◆ WORK TO COMPLETE
Each entry is to be repeated word for word, and the images are to be dropped.

[Stored data entries]
········

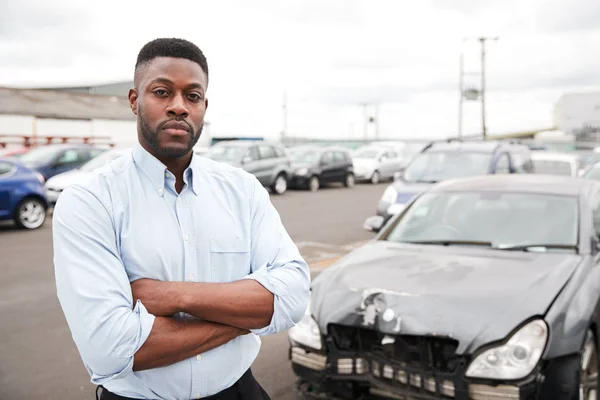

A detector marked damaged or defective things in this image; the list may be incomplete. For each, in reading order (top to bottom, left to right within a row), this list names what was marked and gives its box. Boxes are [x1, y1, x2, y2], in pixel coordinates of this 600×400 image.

broken headlight [288, 294, 322, 350]
damaged front bumper [288, 344, 548, 400]
damaged black car [288, 175, 600, 400]
crumpled car hood [312, 241, 584, 354]
broken headlight [464, 318, 548, 382]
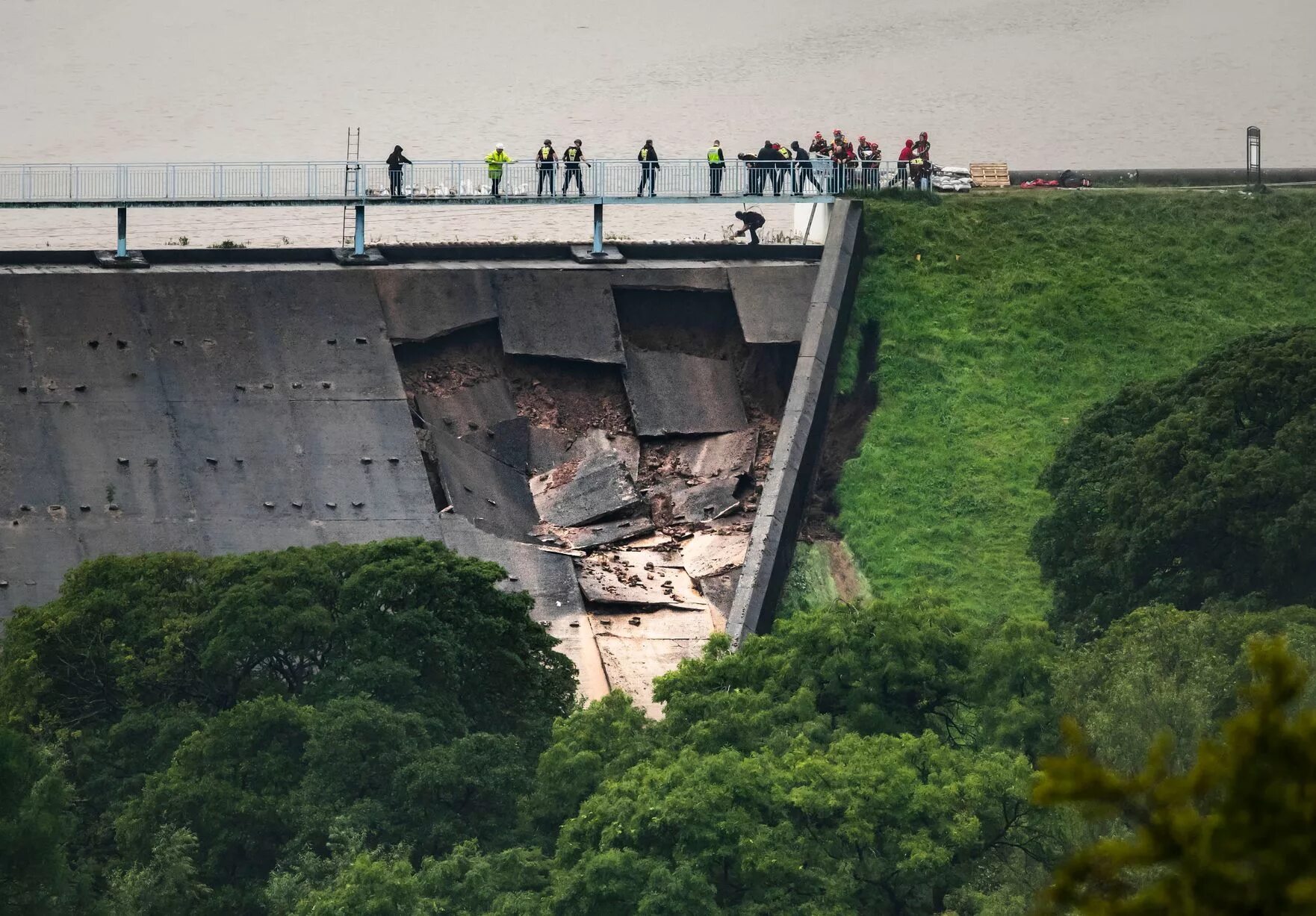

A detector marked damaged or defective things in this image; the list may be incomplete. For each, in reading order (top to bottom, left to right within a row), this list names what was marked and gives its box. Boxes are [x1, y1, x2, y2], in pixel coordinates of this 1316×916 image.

cracked concrete slab [496, 269, 624, 363]
cracked concrete slab [621, 346, 744, 439]
damaged concrete dam [0, 203, 860, 711]
cracked concrete slab [529, 451, 642, 529]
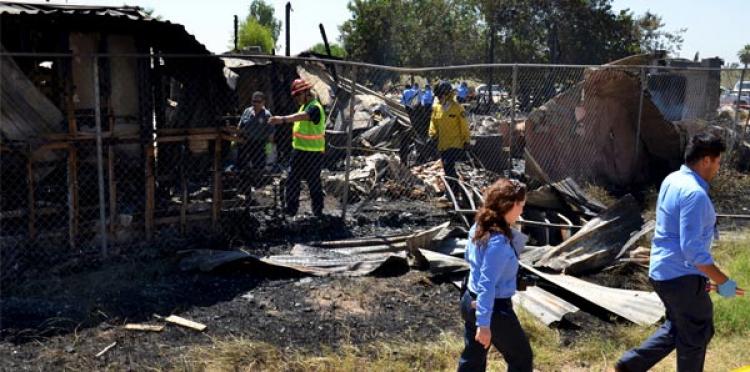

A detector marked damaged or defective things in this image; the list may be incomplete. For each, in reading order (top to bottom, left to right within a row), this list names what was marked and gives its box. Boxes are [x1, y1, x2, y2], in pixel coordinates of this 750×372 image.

rusted metal sheet [516, 284, 580, 326]
rusted metal sheet [520, 262, 668, 326]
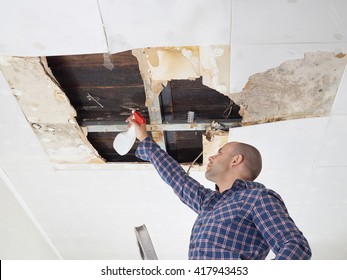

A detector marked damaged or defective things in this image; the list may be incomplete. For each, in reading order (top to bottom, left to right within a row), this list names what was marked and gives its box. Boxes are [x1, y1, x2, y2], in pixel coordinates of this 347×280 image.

········

◆ RESPONSE TO THIS TASK
A detector marked damaged or defective things in this image; the list may be incomplete. For each, in reading order (top to bottom, left to right within a row), this list names what was marked and gives its box. Boxes are [x1, y1, x2, y2], in pixel coordinates of this 600×400 image.

broken headlight [288, 294, 322, 350]
damaged front bumper [288, 344, 548, 400]
damaged black car [288, 175, 600, 400]
crumpled car hood [312, 241, 584, 354]
broken headlight [464, 318, 548, 382]

A detector marked damaged or defective things in this image; the list may be incomplete. For each, in reading order (top to bottom, left to right within a row), this list names what was marked and gives its box. Boxes are [x1, y1, x2, y2], in pixel coordinates of this 1316×916 image.

cracked concrete slab [496, 269, 624, 363]
cracked concrete slab [621, 346, 744, 439]
damaged concrete dam [0, 203, 860, 711]
cracked concrete slab [529, 451, 642, 529]

A detector marked damaged or defective things in this image; the list may be incomplete. For each, in reading order (top to bottom, left to right within a row), this list names what was marked and gives its box. Boxes are [x1, y1, x2, y2], in pixel coordinates of this 750×372 image.

rusted metal sheet [516, 284, 580, 326]
rusted metal sheet [520, 262, 668, 326]

A detector marked damaged or defective things in this image; the list may be incomplete. For each, in reading order (top to bottom, left to right within a row), this list names what was marked and gives its box. Boxes are [x1, y1, x2, y2], in pixel coordinates of this 347×280 image.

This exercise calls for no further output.